Quantum Threat Moves From Theory Into Measurable Reality
The quantum computing threat to Bitcoin has crossed an important threshold. As first reported by CoinDesk, independent researcher Giancarlo Lelli has broken a 15-bit elliptic curve cryptography (ECC) key on publicly accessible quantum hardware, earning a 1 bitcoin bounty from quantum security startup Project Eleven. The breakthrough represents a 512-fold increase from the previous public demonstration achieved just seven months earlier.
The achievement matters because it shows the practical difficulty of quantum attacks on blockchain cryptography is declining faster than many anticipated. Lelli’s work wasn’t conducted on proprietary hardware in a national laboratory. It happened on cloud-accessible quantum machines available to researchers worldwide.
How Bitcoin’s Security Actually Works
Bitcoin’s security depends on elliptic curve cryptography—the mathematical foundation that allows wallet owners to prove they control funds without exposing private keys. A public key is visible on the ledger. Deriving the corresponding private key from that public information should be computationally impossible with classical computers.
Quantum computers running Shor’s algorithm, proposed in 1994, fundamentally change that equation. The algorithm exploits quantum properties to attack the mathematical structure securing those signatures in ways conventional computers cannot.

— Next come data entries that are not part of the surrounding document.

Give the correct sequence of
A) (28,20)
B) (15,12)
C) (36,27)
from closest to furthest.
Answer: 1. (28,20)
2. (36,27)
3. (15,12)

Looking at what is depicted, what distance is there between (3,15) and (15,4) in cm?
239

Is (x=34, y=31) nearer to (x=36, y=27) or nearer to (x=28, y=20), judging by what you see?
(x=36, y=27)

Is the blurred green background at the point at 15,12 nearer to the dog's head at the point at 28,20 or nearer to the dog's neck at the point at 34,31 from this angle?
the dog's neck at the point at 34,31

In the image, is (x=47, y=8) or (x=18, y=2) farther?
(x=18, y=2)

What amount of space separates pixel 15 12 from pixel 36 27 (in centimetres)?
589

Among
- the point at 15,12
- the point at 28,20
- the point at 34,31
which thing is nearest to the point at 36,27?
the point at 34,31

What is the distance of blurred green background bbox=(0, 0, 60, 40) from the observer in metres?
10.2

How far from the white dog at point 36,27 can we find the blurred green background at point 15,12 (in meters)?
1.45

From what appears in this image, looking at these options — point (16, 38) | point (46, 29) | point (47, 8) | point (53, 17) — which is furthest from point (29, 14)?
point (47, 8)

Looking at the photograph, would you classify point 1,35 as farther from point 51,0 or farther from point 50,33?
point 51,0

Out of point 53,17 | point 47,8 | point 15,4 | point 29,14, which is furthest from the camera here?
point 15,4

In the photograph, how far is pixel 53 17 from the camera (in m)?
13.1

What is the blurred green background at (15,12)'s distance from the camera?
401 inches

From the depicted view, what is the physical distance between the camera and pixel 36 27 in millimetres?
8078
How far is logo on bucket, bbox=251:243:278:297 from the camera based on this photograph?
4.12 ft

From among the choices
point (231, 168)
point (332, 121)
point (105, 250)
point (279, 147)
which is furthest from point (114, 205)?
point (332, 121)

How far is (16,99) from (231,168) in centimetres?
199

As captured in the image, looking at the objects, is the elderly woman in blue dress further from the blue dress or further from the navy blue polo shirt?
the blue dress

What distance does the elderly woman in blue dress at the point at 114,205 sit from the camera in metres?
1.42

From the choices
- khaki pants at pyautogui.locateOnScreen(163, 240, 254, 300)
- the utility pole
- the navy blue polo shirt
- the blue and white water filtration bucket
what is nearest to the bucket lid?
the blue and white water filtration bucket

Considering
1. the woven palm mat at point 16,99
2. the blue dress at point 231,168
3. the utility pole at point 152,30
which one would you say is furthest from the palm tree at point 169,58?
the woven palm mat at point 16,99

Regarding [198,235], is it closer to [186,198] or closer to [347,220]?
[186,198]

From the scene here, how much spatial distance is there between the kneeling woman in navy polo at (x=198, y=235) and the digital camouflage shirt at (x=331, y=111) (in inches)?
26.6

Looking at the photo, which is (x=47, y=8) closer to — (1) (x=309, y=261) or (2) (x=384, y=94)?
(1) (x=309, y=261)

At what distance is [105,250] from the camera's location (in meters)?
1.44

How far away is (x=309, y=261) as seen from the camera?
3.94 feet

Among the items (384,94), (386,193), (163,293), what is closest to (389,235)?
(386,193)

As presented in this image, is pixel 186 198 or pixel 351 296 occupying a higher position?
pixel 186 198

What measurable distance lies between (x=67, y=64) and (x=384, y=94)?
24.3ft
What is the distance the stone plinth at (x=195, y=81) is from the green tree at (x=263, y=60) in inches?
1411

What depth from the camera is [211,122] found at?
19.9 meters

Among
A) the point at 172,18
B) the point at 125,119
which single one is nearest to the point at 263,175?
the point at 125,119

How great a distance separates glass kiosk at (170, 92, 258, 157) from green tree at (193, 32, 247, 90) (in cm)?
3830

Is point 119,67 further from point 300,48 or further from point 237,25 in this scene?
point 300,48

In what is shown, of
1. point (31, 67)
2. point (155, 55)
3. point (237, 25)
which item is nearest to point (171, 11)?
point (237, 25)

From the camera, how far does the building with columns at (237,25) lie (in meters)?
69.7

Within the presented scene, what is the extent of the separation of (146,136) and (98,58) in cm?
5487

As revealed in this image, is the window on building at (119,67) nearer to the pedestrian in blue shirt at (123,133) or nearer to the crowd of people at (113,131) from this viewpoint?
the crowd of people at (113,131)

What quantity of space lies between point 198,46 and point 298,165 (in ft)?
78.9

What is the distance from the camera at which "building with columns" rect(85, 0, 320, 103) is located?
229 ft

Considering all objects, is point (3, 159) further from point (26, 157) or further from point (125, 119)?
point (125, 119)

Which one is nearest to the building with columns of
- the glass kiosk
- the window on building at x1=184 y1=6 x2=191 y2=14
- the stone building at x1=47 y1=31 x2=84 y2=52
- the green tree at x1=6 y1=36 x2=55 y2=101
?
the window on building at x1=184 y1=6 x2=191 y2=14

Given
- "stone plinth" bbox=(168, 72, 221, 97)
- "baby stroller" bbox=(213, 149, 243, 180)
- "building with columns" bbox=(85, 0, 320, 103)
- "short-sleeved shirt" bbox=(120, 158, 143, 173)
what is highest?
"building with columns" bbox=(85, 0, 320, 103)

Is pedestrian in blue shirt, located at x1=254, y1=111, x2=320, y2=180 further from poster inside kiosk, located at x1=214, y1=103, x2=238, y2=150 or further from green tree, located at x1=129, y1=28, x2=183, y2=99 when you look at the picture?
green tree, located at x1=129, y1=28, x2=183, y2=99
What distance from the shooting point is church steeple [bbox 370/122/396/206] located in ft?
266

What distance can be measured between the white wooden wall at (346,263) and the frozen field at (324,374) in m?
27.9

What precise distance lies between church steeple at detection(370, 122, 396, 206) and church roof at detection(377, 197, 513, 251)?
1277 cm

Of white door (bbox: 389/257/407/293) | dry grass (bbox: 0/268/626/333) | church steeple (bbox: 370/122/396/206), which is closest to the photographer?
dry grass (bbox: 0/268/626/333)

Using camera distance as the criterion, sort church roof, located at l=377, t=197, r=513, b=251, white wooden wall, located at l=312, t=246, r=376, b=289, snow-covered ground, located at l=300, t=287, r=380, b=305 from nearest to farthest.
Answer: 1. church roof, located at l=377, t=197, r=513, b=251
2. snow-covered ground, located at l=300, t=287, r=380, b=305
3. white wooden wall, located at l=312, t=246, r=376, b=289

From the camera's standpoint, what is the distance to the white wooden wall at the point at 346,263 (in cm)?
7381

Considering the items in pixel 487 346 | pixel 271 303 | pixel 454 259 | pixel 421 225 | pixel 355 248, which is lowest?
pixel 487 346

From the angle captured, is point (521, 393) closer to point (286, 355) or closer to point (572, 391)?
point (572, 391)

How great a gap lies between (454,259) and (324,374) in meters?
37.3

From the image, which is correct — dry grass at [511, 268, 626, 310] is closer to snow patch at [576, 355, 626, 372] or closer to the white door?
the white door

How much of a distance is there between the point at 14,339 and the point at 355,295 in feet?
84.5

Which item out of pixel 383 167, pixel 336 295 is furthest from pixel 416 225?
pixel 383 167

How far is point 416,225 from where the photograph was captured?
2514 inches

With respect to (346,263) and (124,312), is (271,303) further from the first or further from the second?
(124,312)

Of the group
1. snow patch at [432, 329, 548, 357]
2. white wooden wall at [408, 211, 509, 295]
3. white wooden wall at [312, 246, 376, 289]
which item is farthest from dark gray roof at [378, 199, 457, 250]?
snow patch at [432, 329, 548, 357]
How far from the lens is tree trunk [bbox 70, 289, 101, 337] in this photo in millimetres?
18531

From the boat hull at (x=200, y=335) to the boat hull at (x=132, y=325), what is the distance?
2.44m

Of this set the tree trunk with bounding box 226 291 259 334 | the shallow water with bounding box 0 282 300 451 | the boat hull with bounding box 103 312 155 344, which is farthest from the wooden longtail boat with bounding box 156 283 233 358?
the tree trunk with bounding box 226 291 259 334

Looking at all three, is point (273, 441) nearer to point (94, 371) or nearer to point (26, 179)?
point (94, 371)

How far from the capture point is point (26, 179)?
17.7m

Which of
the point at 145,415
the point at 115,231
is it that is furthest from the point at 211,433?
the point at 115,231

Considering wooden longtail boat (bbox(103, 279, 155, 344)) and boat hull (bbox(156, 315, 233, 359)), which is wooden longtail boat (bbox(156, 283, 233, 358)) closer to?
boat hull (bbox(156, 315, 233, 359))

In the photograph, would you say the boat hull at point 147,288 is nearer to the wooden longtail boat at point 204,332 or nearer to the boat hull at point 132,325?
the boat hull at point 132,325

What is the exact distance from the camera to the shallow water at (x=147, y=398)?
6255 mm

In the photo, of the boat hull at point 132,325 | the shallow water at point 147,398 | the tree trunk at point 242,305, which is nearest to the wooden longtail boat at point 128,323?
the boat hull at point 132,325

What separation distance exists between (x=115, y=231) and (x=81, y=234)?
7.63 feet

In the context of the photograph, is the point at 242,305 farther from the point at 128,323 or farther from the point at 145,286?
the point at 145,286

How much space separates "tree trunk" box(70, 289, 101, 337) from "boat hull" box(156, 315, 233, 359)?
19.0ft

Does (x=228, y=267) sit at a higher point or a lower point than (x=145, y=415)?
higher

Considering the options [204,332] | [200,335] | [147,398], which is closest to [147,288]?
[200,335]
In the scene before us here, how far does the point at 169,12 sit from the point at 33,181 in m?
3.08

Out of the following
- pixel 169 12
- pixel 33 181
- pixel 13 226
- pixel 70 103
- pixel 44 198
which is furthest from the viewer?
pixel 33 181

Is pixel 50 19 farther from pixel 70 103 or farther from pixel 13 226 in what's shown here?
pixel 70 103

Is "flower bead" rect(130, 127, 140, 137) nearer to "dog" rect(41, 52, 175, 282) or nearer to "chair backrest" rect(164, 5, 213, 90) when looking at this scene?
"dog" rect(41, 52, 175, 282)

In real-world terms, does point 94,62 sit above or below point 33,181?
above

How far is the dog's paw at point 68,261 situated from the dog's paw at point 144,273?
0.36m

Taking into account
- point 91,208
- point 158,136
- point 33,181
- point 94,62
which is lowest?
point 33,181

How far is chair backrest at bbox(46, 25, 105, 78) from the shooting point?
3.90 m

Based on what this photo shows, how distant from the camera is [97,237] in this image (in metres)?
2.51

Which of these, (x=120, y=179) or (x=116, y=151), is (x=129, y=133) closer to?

Lelli’s 15-bit result doesn’t mean Bitcoin faces imminent danger. The network uses 256-bit ECC security. A 15-bit key space contains only 32,767 possibilities—trivial compared to the 2^256 combinations protecting actual Bitcoin addresses. The prize framework was designed to track whether quantum attacks are shifting from academic papers into demonstrated reality on actual hardware.
The Pace of Progress Is Accelerating
What’s troubling researchers isn’t the current demonstration but the trajectory. Steve Tippeconnic achieved a 6-bit break using IBM’s 133-qubit quantum computer in September 2025. Lelli’s improvement in just seven months suggests the difficulty curve is steepening.
Theoretical resource estimates dropped even more dramatically. A Google Research paper published last month estimated a full 256-bit attack would require fewer than 500,000 physical qubits. Previous calculations put the requirement in the millions.
“The resource requirements for this type of attack keep dropping, and the barrier to running it in practice is dropping with them,” Project Eleven CEO Alex Pruden said.
The At-Risk Portion of Bitcoin’s Supply
The practical vulnerability concentrates on addresses where public keys are already exposed on-chain. Bitcoin holders who’ve spent from their addresses or interacted with smart contracts have revealed their public keys. Project Eleven estimates roughly 6.9 million bitcoin—about one-third of total supply—sit in such vulnerable addresses. That includes approximately 1 million bitcoin attributed to Satoshi Nakamoto, dormant since the network’s earliest blocks.
A sufficiently powerful quantum computer running Shor’s algorithm could work through these exposed wallets sequentially. The holder would have no opportunity to move funds to quantum-resistant addresses.
Migration Plans Already In Motion
Bitcoin developers aren’t waiting for quantum computers to become practical threats. Bitcoin Improvement Proposal 360 (BIP-360) would introduce quantum-safe address types. Ethereum, Tron, StarkWare, and Ripple have each published post-quantum transition plans.
The security community’s challenge is implementing these changes before quantum computers reach the threshold where 256-bit ECC becomes breakable. Lelli’s 512x improvement in seven months suggests that transition period may compress faster than previously calculated.
The race between quantum hardware advancement and blockchain cryptographic migration has entered a new, measurable phase.